Sonntag, 7. April 2013

Die Halde

Ich setze mich in's Auto und fahre los. In zwei Minuten bin ich da. Ich steige die Himmelstreppe hoch.

Auf meinem Weg nach oben laufe ich an einer Familie vorbei. Es ist Wetter wie dieses, das verkündet, dass irgendwo doch noch ein Frühling und vielleicht gar ein Sommer wartet und gleichsam die Menschen anzieht. Als es die Treppe noch nicht gab, war man immer alleine oben - höchstens die besten Freunde waren um einen gescharrt. Ein Kind der Familie zählt die Stufen. Ich vermute, dass ihm bei 40 die Lust vergehen wird. Süß ist es trotzdem.

Auf dem Weg stehen Leute zwischen den Treppensegmenten und verschnaufen. 103 Höhenmeter wollen erstnal erklommen sein. Oben angekommen flieht zu meiner linken ein Ginger-Kind lautstark vor einer Biene. Merkwürdig, ich dachte immer, Bienen stechen nur Menschen mit Seelen. Zu meiner rechten stehen ein älterer Mann und eine sicher zehn Jahre jüngere Frau in der Sonne. Er macht Fotos von ihr. Sie wirken sehr vertraut, vermutlich hat die Liebe über den Altersunterschied gesiegt.

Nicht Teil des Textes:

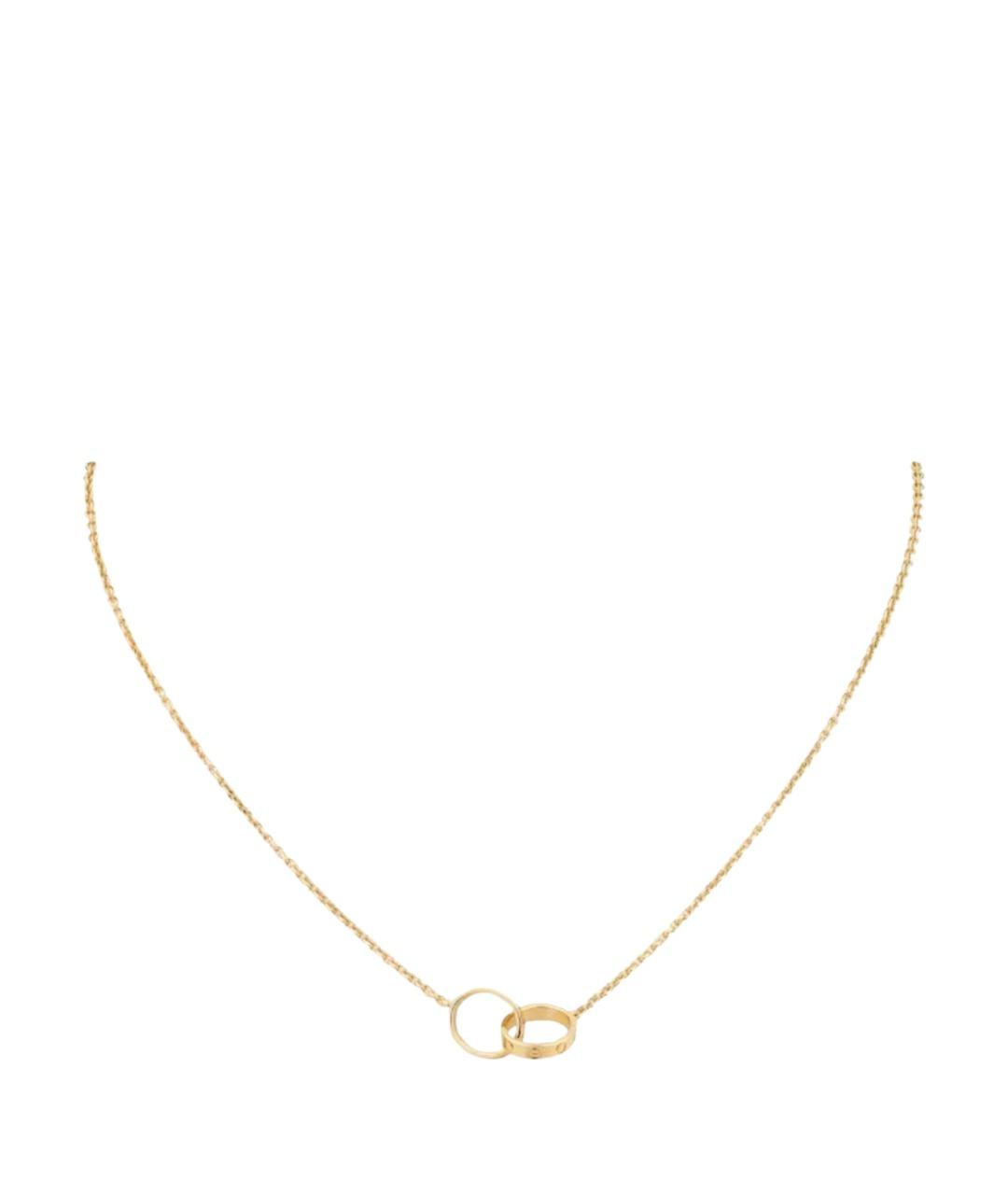 CARTIER Золотое колье из желтого золота, фото 1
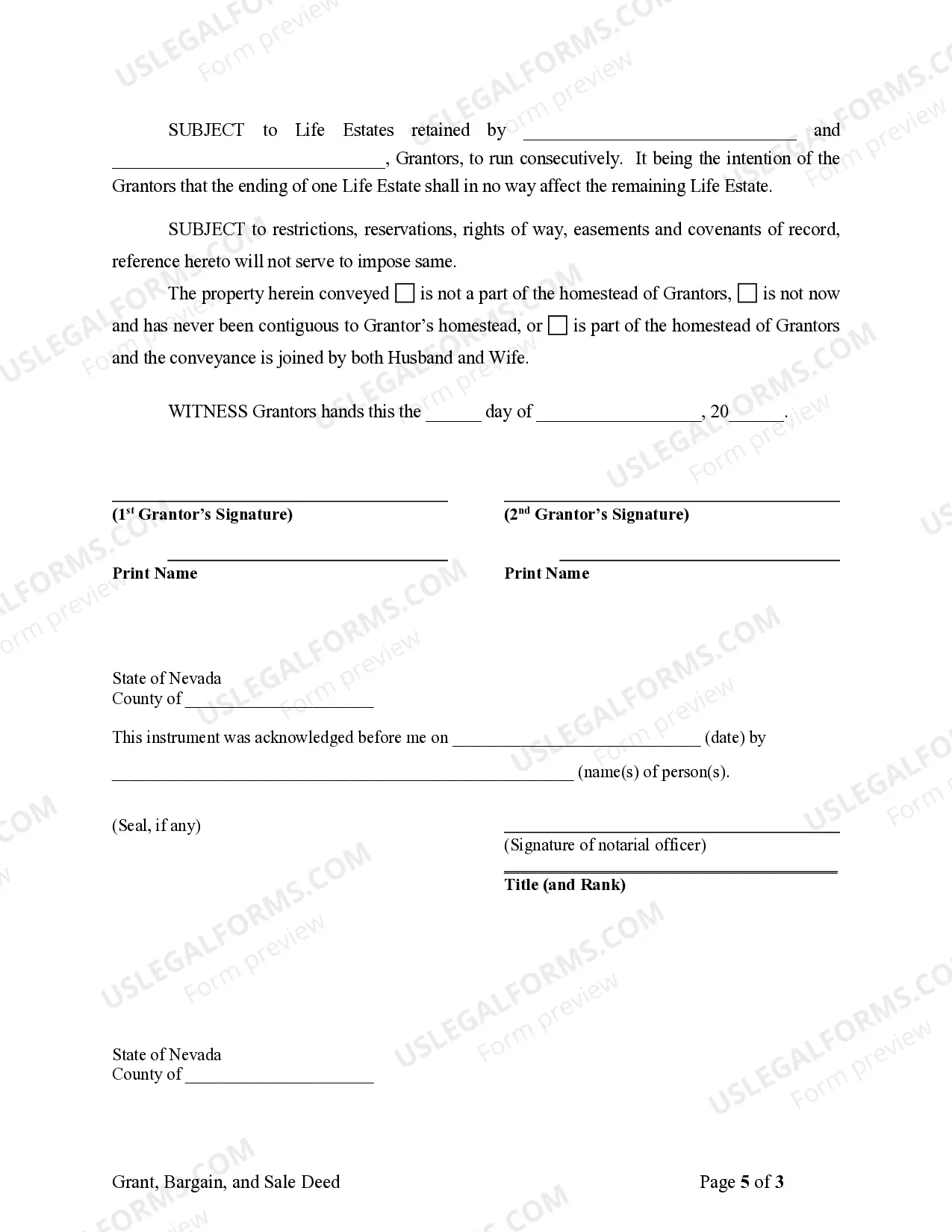 Preview Warranty Deed for Parents to Child with Reservation of Life Estate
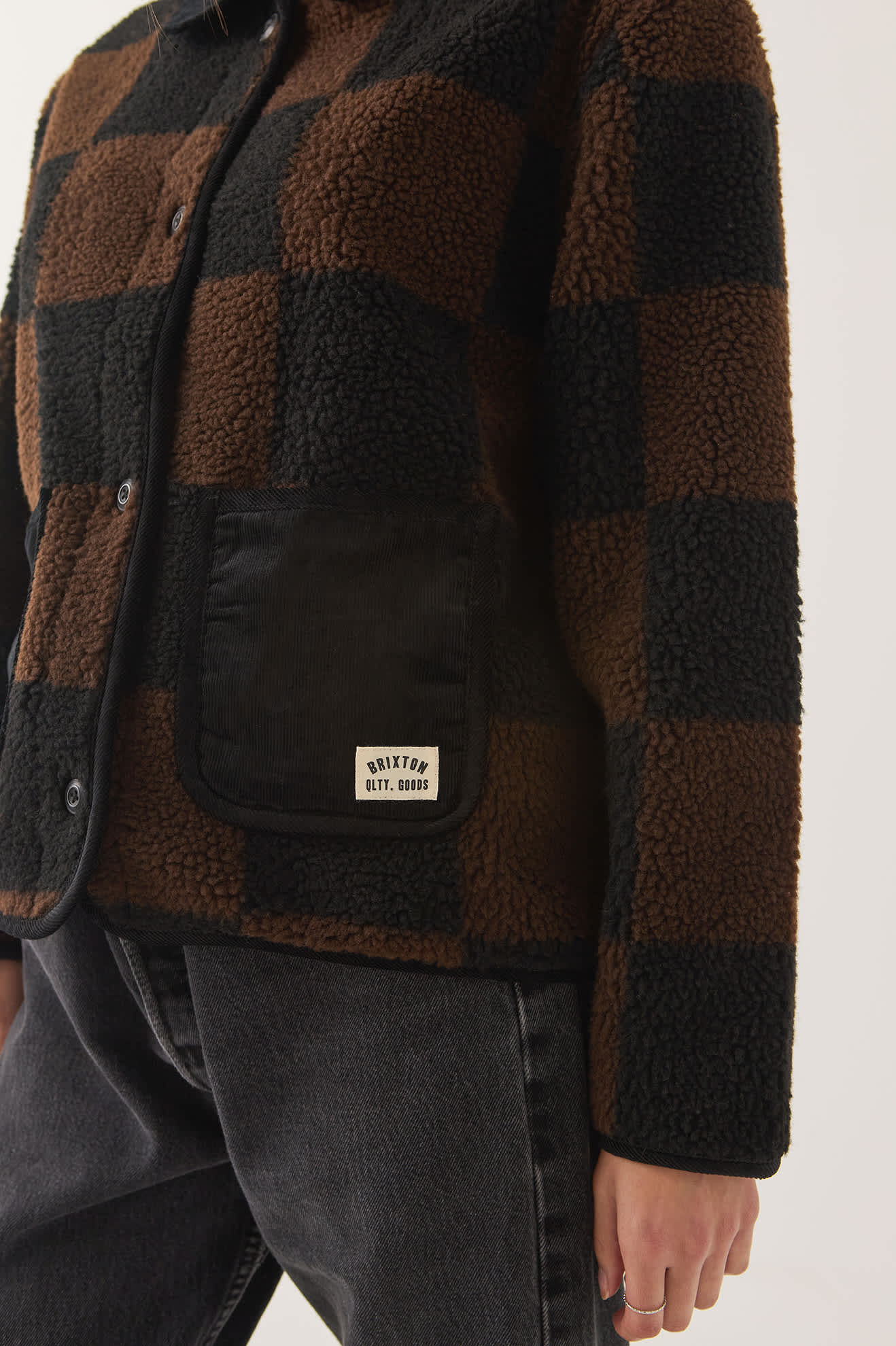 brixton-delilah-quilted-jacke-schwarz-braun-wattiert image 4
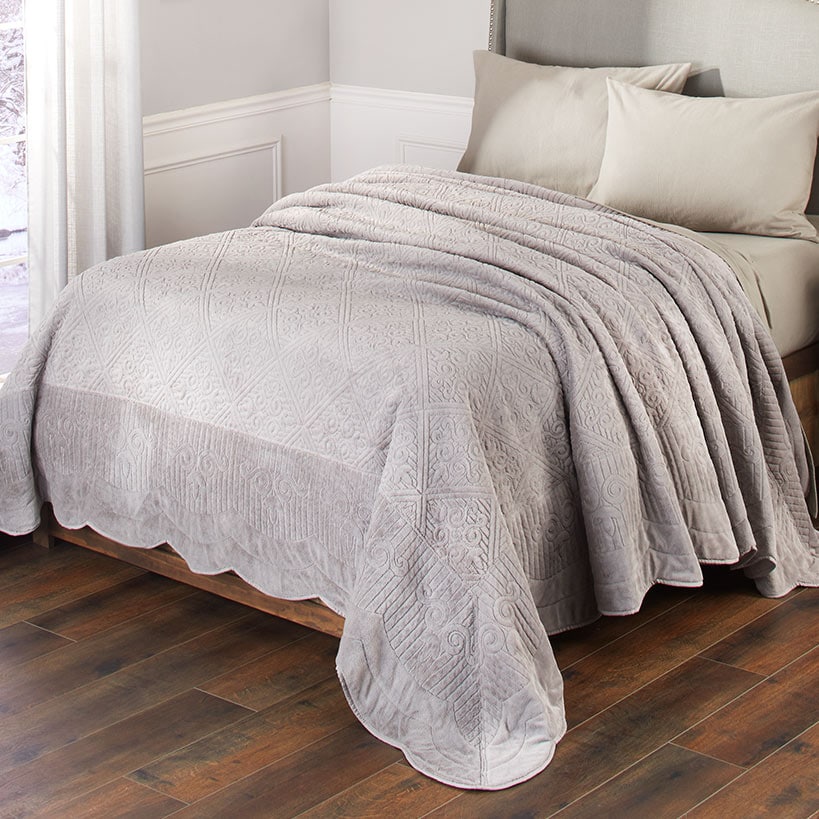 Plush Matelasse Pillow or Sham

Ein paar Menschen lassen Drachen steigen oder starten mit Fallschirmen zum Flug zum Fuße der Halde. Irgendwie beruhigend, diese lautlose Bewegung in der Luft. Am Boden steht immer jemand und blickt erwartungsvoll oder bewundernd in die Höhe. Es ist doch jeder ein Träumer.

Ich suche mir einen schönen Platz in der Sonne und setze mich mit meinem Buch auf den warmen Stein. Unweit von mir vergnügt sich eine Gruppe junger Türken. Mir schallen überraschend leise Balkan-Beats entgegen, ich höre eine fremde Sprache und schnappe ein paar Beleidigungen und Angebereien auf. Bei ihnen ist der Umgang untereinander immer so. Sie zünden ein kleines Feuer an und fragen jeden, der vorbeikommt, nach Taschentüchern.

Immer mal wieder kommt ein vorwiegend älteres Pärchen zu meinem Ort. Sie blicken einige Sekunden in die Ferne und drehen wieder um. Heute ist die Sicht fast so klar wie gestern. Nur Richtung Osten hängt die Dunstglocke über dem Ruhrgebiet. Irgendwo dort liegt vermutlich meine zukünftige Heimat. Und meine Zukunft. Ich vergesse das Lesen und komme in's Träumen. Irgendwie verstehe ich alles. Doch ist mein Kopf voller Paradoxen, ein Wirrwarr aus Gedanken, die alle für den Bruchteil einer Sekunde Sinn ergeben und sich ständig verändern. So ist das, wenn man sich Gedanken macht. Ich sitze schon lange nicht mehr alleine hier, obwohl man neben mir keinen Menschen sieht.

Ein kleines Mädchen kommt mit seinem Hund. Ich weiß nicht, wie oft ich den Namen "Kira" in den kommenden 30 Minuten höre. Wäre ich ein alter verbitterter Mann, würde ich mich wohl an ihr stören. Süß ist es trotzdem.

Eine Schülerin der Oberstufe taucht mit ihrem Opa auf. Sie setzen sich neben mich. Mir fallen tausend Geschichten ein, traurige wie frögliche. Die beiden blicken verträumt gen Horizont. Sie hat einen Fotoapparat dabei. Sie reden über ihr Hobby. Zwischendurch macht er eine Anmerkung über die Deutschtürken: "Man möchte glauben, das sei eine Karikatur, aber die sind ja wirklich so." Ich stimme hörbar in ihr Lachen ein, wir werfen uns kurz sympathisierende Blicke zu, ich träume lächelnd weiter.

Ich bin frei und inspiriert. Ich denke Dinge, die keiner denkt. Ich weiß, was ich will. Meine Halden-Katharsis ist beendet und ich mache mich wieder auf den Weg nach unten. Beim Abstieg fällt mir ein, dass auf dem Hinweg ein Auto über rot gefahren ist und mich fast erwischt hätte.